What do you need to know about DCPs?
Every issue we ask leading thinkers working in health estates, planning or strategy to answer a core question around healthcare.
This issue we asked what are the benefits of development control plans (DCPs) and how do you create one?
Neil McElduff is Director of Estates and Facilities Management at Medway NHS Foundation Trust
“A typical NHS hospital gets built and then added to over the years and nobody thinks about if the layouts are correct or if the site could be used better, so they’re not optimised to create the best patient journey and experience. Creating a DCP is a collaborative, multi-year process to develop a vision that will guide investment in physical spaces. This strategy, when implemented, should provide a modern, flexible, functional and effective estate to support the Trust to deliver its key priorities over the coming years and improve services to the public.

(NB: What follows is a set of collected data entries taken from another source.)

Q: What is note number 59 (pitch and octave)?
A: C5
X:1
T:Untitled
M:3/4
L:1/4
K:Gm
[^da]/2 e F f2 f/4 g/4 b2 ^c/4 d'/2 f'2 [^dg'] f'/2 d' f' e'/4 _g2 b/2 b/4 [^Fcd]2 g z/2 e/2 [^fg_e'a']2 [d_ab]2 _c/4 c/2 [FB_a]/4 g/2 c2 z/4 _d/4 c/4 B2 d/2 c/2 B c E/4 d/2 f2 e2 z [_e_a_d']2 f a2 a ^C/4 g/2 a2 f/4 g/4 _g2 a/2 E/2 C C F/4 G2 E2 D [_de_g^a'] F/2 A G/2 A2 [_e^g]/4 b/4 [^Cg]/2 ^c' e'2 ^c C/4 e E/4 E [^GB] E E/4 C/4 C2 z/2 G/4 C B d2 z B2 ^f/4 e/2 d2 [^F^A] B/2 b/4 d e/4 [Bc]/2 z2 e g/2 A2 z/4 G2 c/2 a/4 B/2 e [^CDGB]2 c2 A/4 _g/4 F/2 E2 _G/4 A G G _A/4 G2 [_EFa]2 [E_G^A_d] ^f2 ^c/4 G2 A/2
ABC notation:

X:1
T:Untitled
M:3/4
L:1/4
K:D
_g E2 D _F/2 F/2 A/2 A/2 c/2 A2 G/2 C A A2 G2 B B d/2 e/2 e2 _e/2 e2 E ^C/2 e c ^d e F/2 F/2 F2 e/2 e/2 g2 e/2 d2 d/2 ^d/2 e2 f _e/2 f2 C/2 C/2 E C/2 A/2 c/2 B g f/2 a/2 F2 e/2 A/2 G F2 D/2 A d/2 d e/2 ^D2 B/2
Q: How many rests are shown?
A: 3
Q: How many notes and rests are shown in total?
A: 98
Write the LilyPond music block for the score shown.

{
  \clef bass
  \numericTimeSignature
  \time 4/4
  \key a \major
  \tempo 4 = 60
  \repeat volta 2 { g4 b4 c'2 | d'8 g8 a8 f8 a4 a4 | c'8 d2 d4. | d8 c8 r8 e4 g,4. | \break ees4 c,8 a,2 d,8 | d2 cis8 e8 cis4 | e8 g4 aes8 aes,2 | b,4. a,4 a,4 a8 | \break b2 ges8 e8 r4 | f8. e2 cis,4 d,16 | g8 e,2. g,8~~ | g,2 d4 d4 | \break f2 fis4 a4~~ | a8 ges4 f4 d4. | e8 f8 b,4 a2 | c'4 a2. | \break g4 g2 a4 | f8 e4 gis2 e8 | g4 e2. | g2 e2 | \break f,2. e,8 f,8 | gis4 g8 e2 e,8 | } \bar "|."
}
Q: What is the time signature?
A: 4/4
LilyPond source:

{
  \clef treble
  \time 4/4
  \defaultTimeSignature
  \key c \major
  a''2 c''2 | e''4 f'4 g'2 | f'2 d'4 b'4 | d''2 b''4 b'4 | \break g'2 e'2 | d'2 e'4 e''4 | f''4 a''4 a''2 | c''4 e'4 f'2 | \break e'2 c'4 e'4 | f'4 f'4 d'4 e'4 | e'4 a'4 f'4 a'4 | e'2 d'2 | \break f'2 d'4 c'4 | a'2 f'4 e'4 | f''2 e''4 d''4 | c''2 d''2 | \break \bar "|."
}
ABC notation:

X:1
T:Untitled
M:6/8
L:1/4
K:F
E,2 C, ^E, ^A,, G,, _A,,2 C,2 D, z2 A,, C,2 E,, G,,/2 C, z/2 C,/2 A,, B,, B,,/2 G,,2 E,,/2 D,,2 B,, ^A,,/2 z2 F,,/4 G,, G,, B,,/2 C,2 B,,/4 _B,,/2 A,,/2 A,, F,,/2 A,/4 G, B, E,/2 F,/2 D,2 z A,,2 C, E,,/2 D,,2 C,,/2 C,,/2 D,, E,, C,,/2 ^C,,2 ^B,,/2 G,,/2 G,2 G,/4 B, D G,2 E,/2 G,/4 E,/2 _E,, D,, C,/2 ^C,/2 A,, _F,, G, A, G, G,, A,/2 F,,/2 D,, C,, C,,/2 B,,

“For me, the key questions that form the basis of a DCP are:
- Where is the Trust now and where does it want to be in future?
- What does the road to the future look like?
- What possibilities do we have and what challenges/risks do we face?
- What are the best options?
- What level of investment is necessary?
- What is the timing?
“The process of creating a DCP can be split into five stages. Step one is engaging with stakeholders to define requirements. Ask what the pain points are and the causes of those and collaborate to set goals. It’s hard to get stakeholders from across such a wide range of areas together and to get them on board with the process. The way we’re approaching it is to have one-to-one interviews and make it personal to build relationships and trust. Having clarity on expectations is a big thing and getting people to understand what we’re trying to achieve – the technical resources, the activity, the financial modelling, taking it through assurance, alignment of incentives, proper governance, effective collaboration and effective change management processes.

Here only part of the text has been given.